RECORDS SHOWN
────────────────

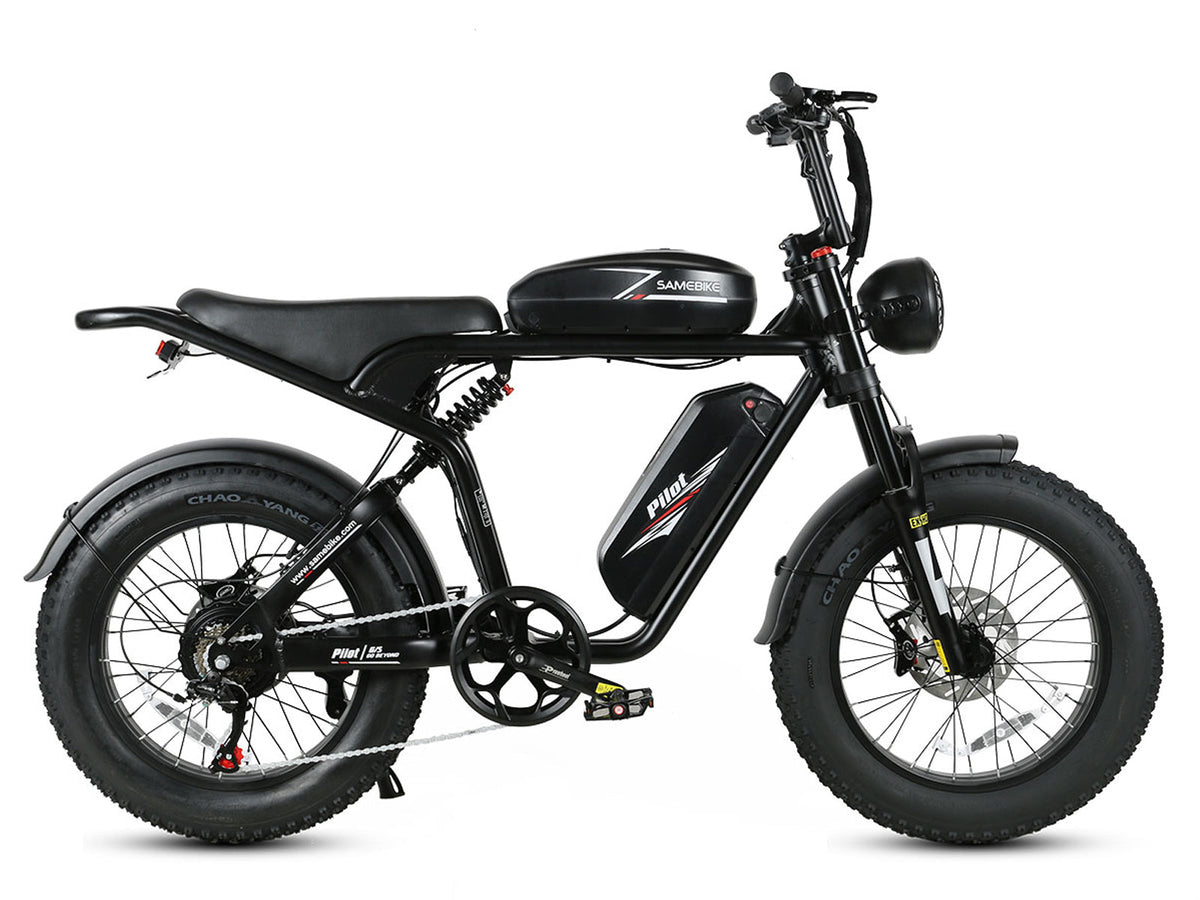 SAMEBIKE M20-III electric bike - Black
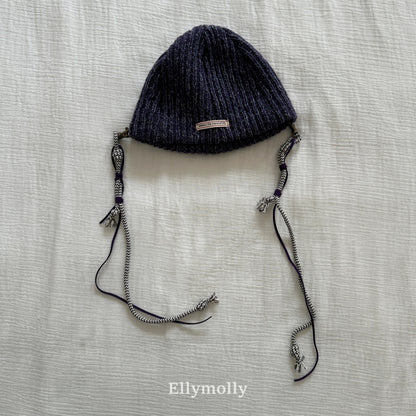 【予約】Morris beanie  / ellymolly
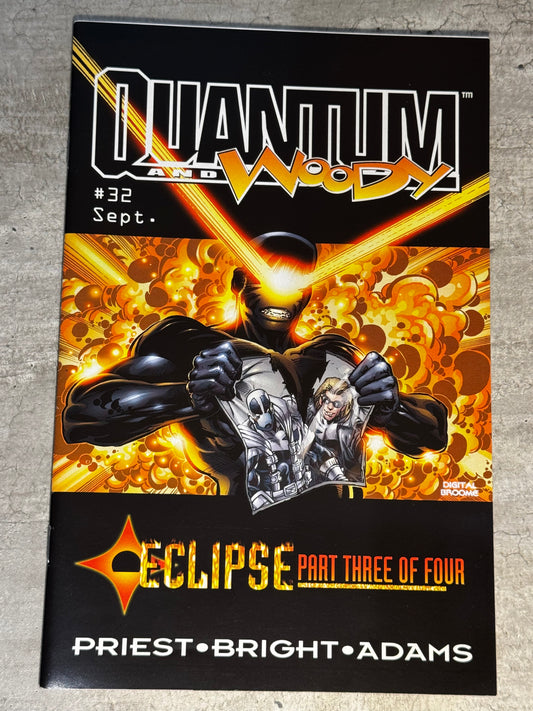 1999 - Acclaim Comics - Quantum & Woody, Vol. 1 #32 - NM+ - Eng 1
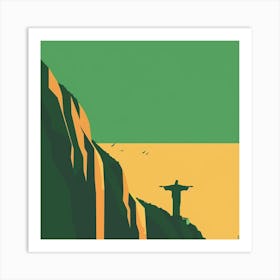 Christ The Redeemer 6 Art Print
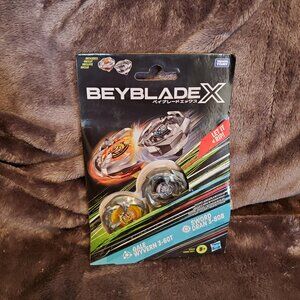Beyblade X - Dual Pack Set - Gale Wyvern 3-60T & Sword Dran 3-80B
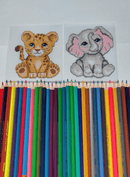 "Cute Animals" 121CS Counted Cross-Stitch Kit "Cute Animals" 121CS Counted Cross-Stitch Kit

────────────────

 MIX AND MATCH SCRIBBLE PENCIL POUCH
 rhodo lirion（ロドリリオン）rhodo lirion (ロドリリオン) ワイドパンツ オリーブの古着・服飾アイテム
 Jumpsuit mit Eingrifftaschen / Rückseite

────────────────

WORK REQUEST
In the listing above, find the line with "SAMEBIKE M20-III electric bike - Black" and the line with "Beyblade X - Dual". Set down exactly those lines and everything between them, skipping pictures.

OUTPUT
 SAMEBIKE M20-III electric bike - Black
 【予約】Morris beanie  / ellymolly
 1999 - Acclaim Comics - Quantum & Woody, Vol. 1 #32 - NM+ - Eng 1
 Christ The Redeemer 6 Art Print
Beyblade X - Dual Pack Set - Gale Wyvern 3-60T & Sword Dran 3-80B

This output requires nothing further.